§ PROMPT
Of the entries below, return exactly those lines that fall between the one containing "wolf,Alaska,bears,bears at hallo" and the one containing "Doratonotus megalepis", the two end lines included.

§ EXTRACTED ENTRIES
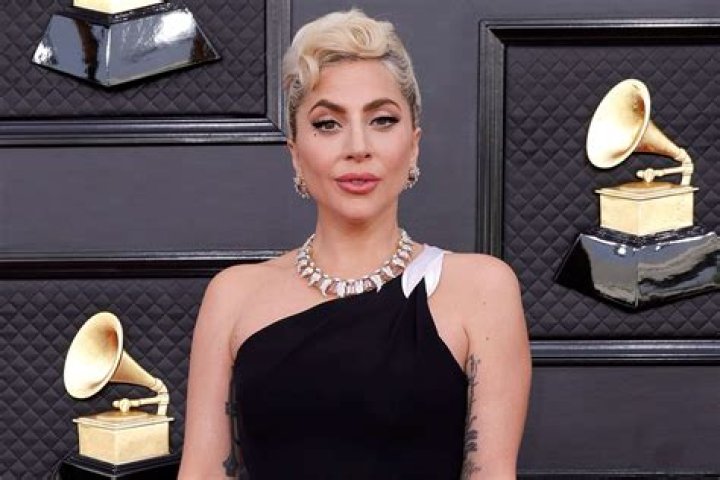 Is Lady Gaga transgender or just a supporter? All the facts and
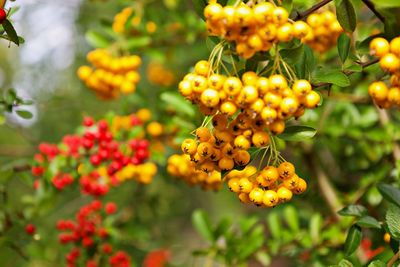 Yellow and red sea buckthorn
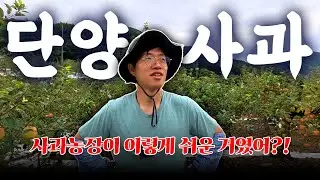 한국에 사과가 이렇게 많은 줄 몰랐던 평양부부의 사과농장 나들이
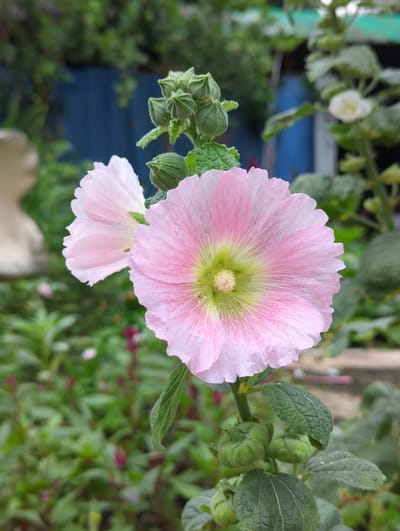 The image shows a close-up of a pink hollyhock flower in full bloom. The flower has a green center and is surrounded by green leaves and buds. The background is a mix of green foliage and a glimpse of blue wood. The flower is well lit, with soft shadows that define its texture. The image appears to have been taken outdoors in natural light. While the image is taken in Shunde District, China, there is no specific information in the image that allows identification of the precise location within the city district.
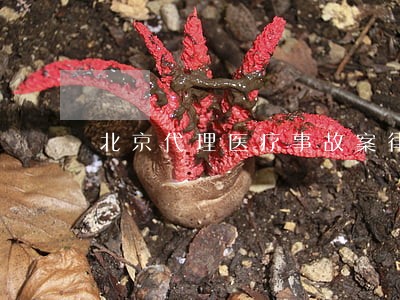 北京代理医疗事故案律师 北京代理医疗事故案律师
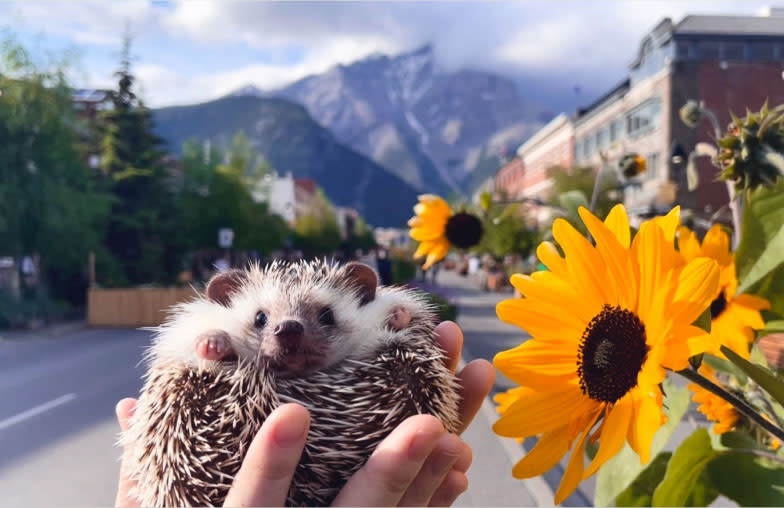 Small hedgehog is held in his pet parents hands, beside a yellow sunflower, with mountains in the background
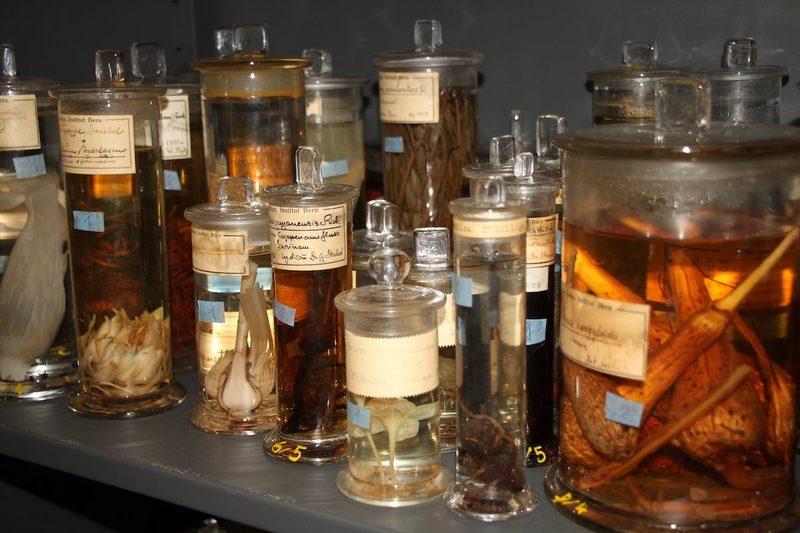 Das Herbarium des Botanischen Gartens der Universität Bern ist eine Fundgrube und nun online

---

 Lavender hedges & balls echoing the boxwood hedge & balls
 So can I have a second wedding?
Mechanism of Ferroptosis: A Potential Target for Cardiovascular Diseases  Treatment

---

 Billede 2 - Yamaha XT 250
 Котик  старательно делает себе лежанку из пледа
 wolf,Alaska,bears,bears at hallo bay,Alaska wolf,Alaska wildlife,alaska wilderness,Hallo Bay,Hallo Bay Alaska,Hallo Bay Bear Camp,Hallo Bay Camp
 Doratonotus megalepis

§ EXPECTED ANSWER
 wolf,Alaska,bears,bears at hallo bay,Alaska wolf,Alaska wildlife,alaska wilderness,Hallo Bay,Hallo Bay Alaska,Hallo Bay Bear Camp,Hallo Bay Camp
 Doratonotus megalepis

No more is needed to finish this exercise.